私たちは、ファイルサーバについて、「見つかるなら整理は不要」という命題を掲げました。
これは、ファイルサーバに保存されるのが、モノではなく情報であるということに大きく依存しています。

整理整頓とひとまとめに呼ばれますが、この言葉は下記の2つに分解できます。
「整理」=必要なものと不要なものとを分類して、不要なものを捨てる
「整頓」=必要なものが必要なときに見つかる状態を維持すること
それぞれについて、情報が持つ性質を踏まえて考えてみましょう。

情報は、場所を取らない。邪魔にならない。だから整理しなくても大丈夫

モノは溜め込めば場所を取り、かならず邪魔になります。
仕事の動線を妨げるようになりますから、無駄なモノは速やかに整理する(捨てる)必要があります。

しかし、情報は、相当大量に蓄積しても場所を取りません。
ファイルサーバのフォルダ階層の奥底にどれだけ大量のファイルがあっても
そのフォルダを開かないユーザにとっては全く邪魔になりません。

したがって、情報を蓄積するファイルサーバにおいては、
モノを扱うときほどに、整理の必要性は無いのです。

確かに、ファイルサーバのディスク使用量は増えますが、ハードディスクドライブの
容量あたり単価は常に下がり続けていますので、一切の整理(削除)を行わずに
単調に蓄積しつづけても十分なだけのストレージ空間を維持することは、全く非現実的ではありません。

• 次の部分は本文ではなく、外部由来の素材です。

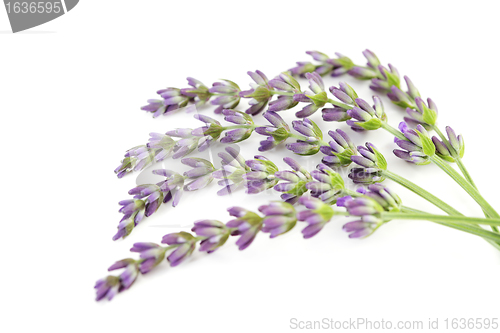 Image of lavender flowers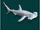 Scalloped Hammerhead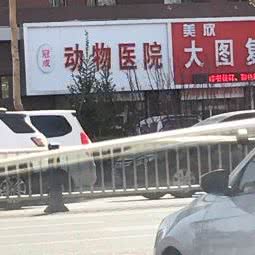 冠城动物医院:长春市宽城区雁鸣湖/柳影路附近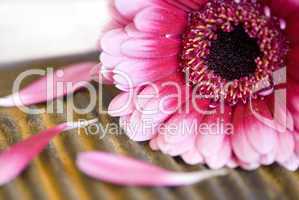 Gerbera pink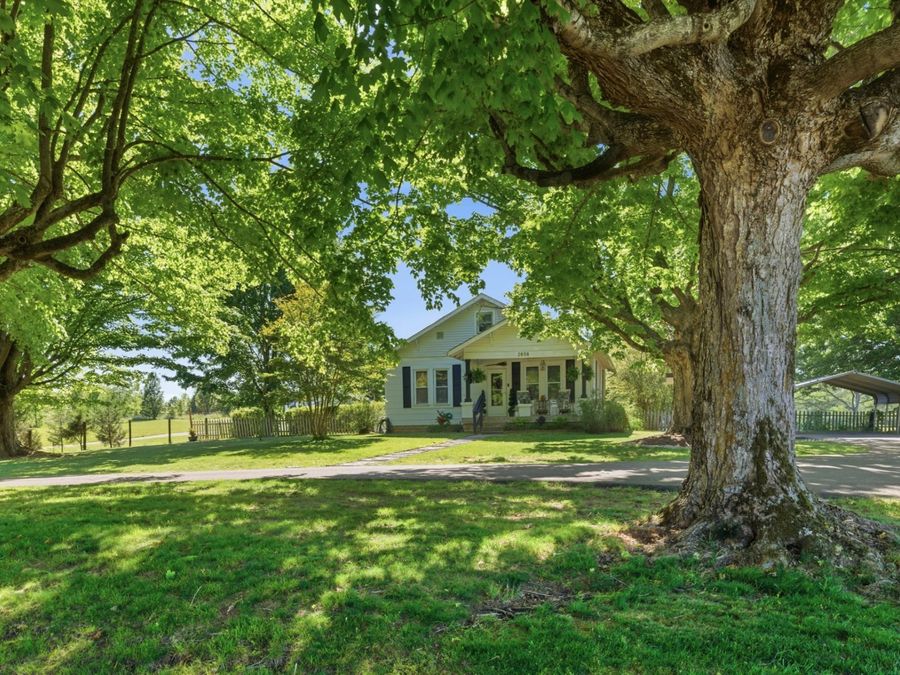 Property Image 6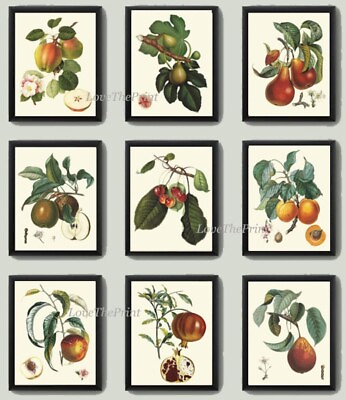 #ad Vintage Fruit Wall Art Set of 9 Prints Kitchen Dining Room Beautiful Unframed $101.00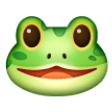 Frog Face on Samsung One UI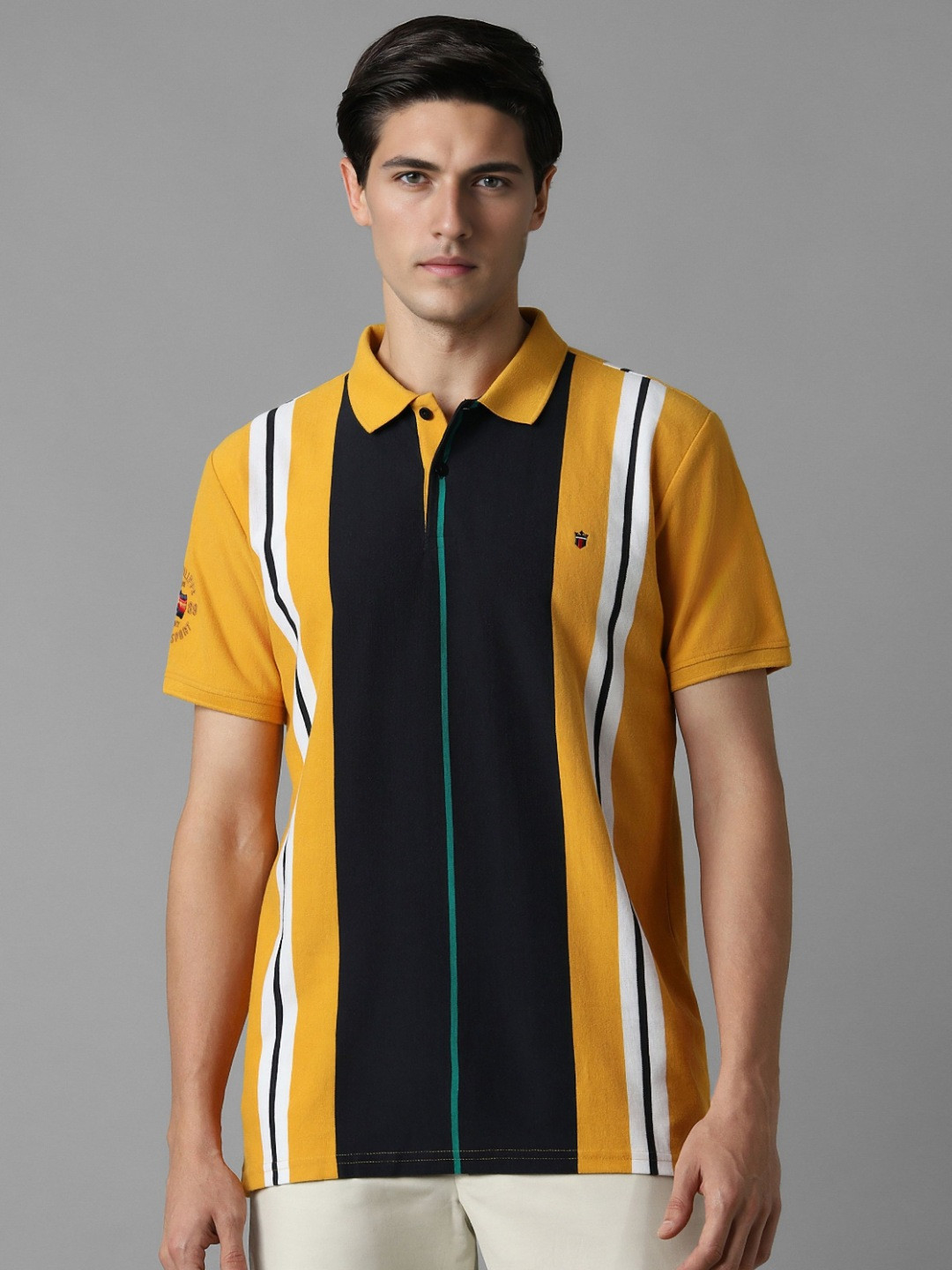 Louis Philippe Sport Striped Polo Collar Pure Cotton Tshirt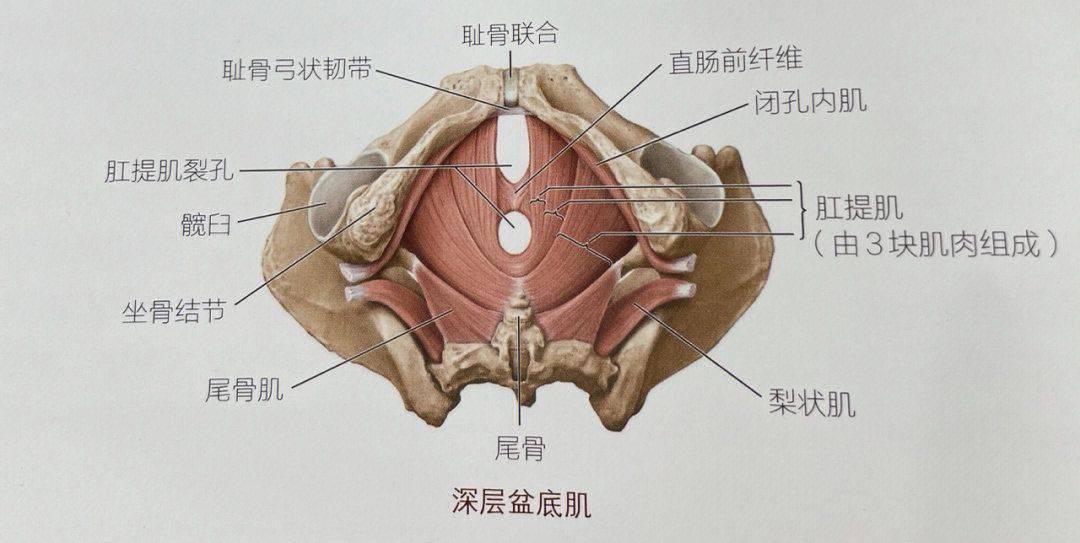 盆底肌结构解剖图图片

情報の「整頓」は、検索エンジンの助けを借りれば大幅に簡略化できる

物理的な実体を持つ「モノ」の場合に、整頓とは
ほぼ、「定位置を決め、周知して、そこに置くこと。使ったら戻すこと。」
と同義です。

これは、同時に二つの場所に存在できないという、モノの性質があってのことです。
使って使いっぱなしで戻さない人がいれば、必要なモノはすぐに紛失してしまいます。
しかし、情報にはモノと異なり、複製・同時参照が簡単で、使っても減らない・無くならない、
という性質があります。利用者の数だけ複製して使い放題ですから、
「使ったら戻すこと。」という従来のモノの整頓に関するルールは無意味なものとなります。

代わって情報の「整頓」の中核をなすのは、
必要なときに必要な情報が見つかるよう、適切な検索システムを構築することとなります。

従来のモノの整頓方法は、「定位置を関係者全員が記憶する」ことに依存していましたが、
現代の情報の整頓においては、個人の記憶能力への依存が少なく、
検索スピードや検索精度(漏れの無さなど)に優れる検索システムを構築することが可能です。
人間の記憶能力は有限で高価な資源ですから、無駄使いしない方が良いのです。

また、「定位置を作る」ことにかける手間すらも、無駄になる可能性があります。
私達も10年ほど前まで、よく使うWebサイトのURLを、ブラウザのお気に入りに多数登録していました。
しかし、ブラウザの検索バーですぐに検索できるようになった今では、
ブックマークに登録する手間・整理する手間が面倒になり、めったにお気に入り登録しなくなりました。